■ **EXERCISE REQUIREMENTS**:
Return each line below exactly as it reads, and omit any image in it.

━━━━━ MATERIAL SUPPLIED ━━━━━

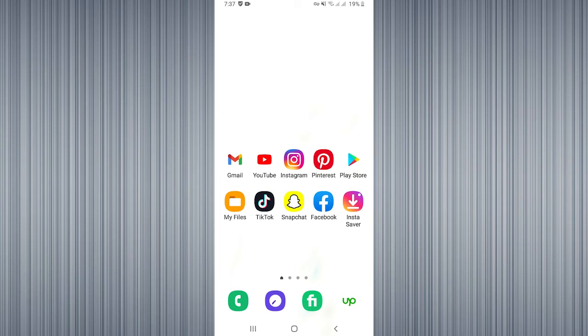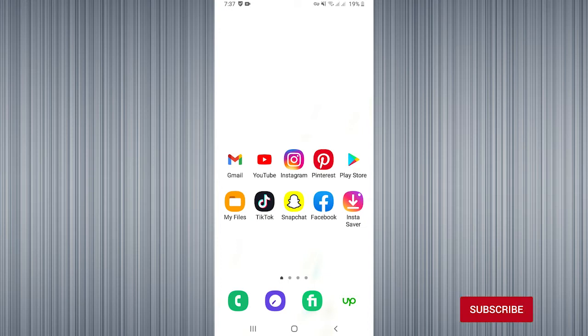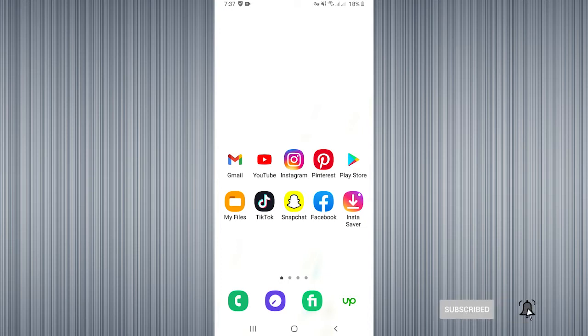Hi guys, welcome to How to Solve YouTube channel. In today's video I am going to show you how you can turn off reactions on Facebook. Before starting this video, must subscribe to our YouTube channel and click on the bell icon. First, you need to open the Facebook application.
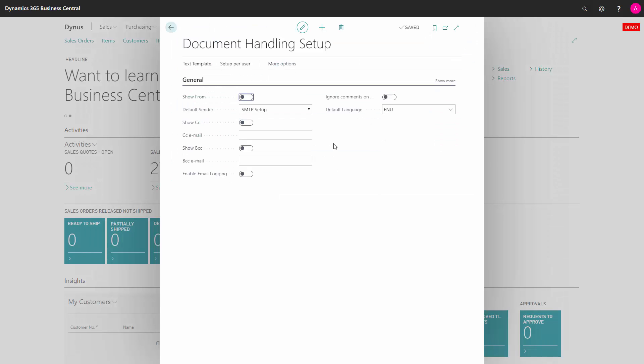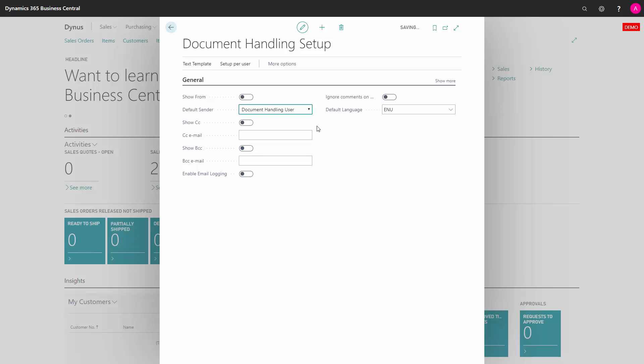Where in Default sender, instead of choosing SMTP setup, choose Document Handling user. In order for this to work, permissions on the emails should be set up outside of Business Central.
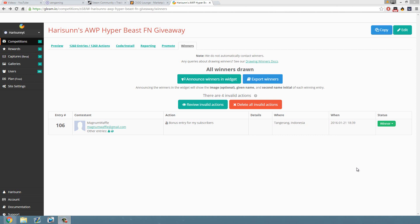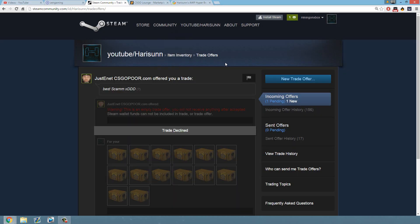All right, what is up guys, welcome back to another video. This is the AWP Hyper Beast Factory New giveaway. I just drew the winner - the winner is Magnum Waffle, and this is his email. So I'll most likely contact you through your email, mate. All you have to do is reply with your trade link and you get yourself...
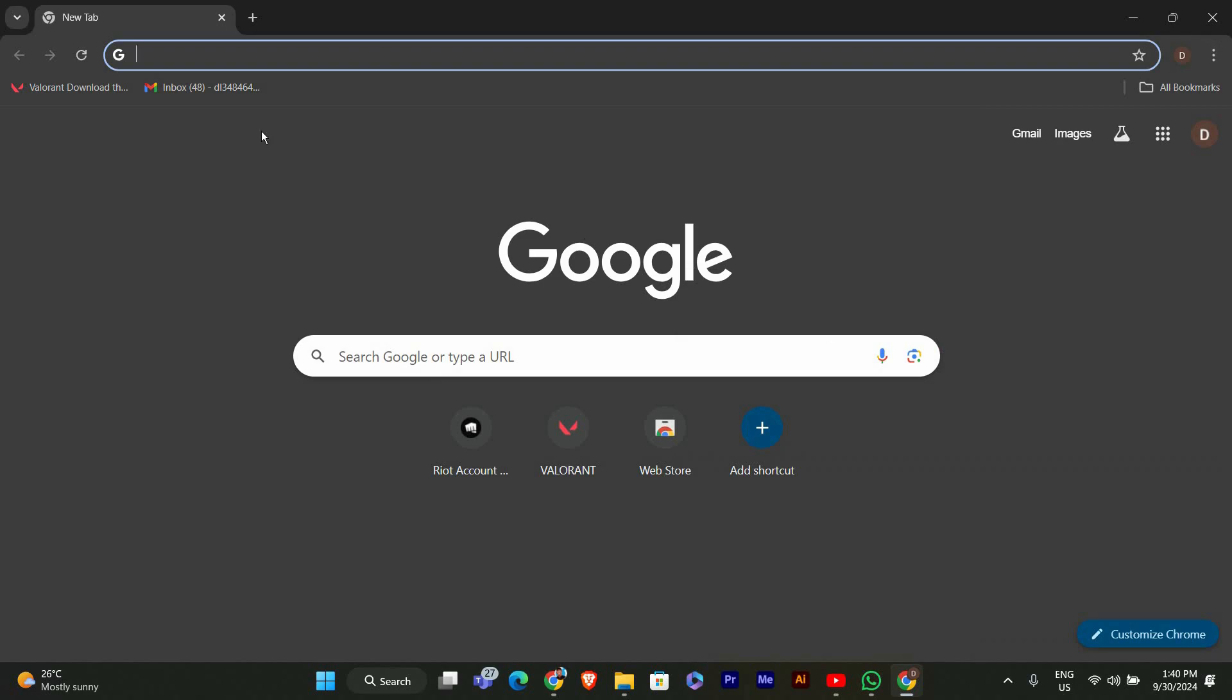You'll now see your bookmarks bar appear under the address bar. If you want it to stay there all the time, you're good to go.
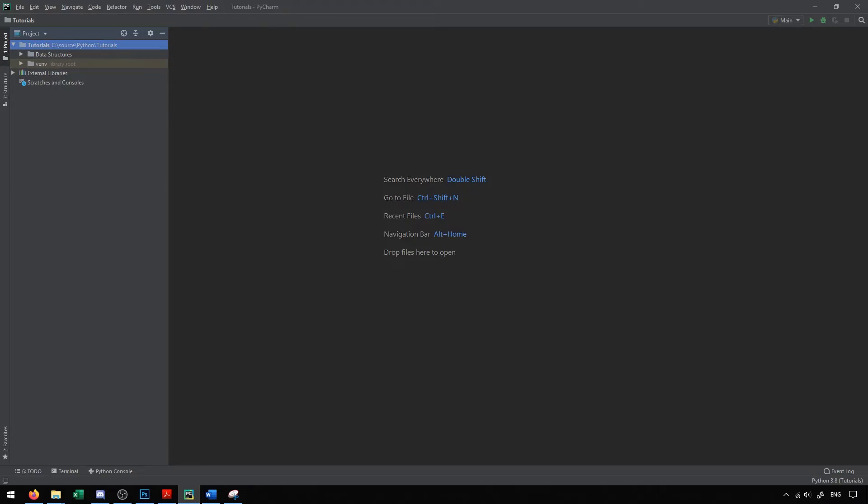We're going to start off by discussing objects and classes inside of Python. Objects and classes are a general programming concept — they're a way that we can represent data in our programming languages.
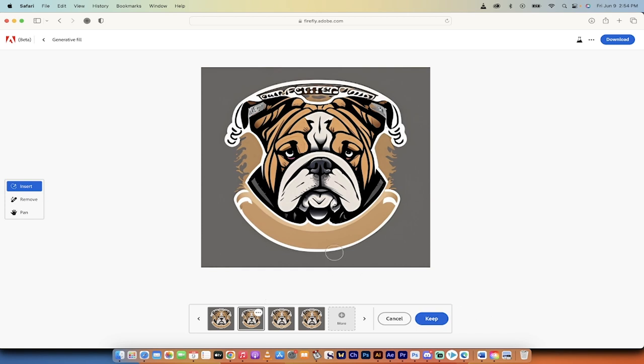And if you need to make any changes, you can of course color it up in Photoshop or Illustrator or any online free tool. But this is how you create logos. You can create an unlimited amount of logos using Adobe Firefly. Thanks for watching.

━━━━━

■ **RESULT OF THE EXERCISE**:
Hi guys, welcome to How to Solve YouTube channel. In today's video I am going to show you how you can turn off reactions on Facebook. Before starting this video, must subscribe to our YouTube channel and click on the bell icon. First, you need to open the Facebook application.
Where in Default sender, instead of choosing SMTP setup, choose Document Handling user. In order for this to work, permissions on the emails should be set up outside of Business Central.
All right, what is up guys, welcome back to another video. This is the AWP Hyper Beast Factory New giveaway. I just drew the winner - the winner is Magnum Waffle, and this is his email. So I'll most likely contact you through your email, mate. All you have to do is reply with your trade link and you get yourself...
You'll now see your bookmarks bar appear under the address bar. If you want it to stay there all the time, you're good to go.
We're going to start off by discussing objects and classes inside of Python. Objects and classes are a general programming concept — they're a way that we can represent data in our programming languages.
And if you need to make any changes, you can of course color it up in Photoshop or Illustrator or any online free tool. But this is how you create logos. You can create an unlimited amount of logos using Adobe Firefly. Thanks for watching.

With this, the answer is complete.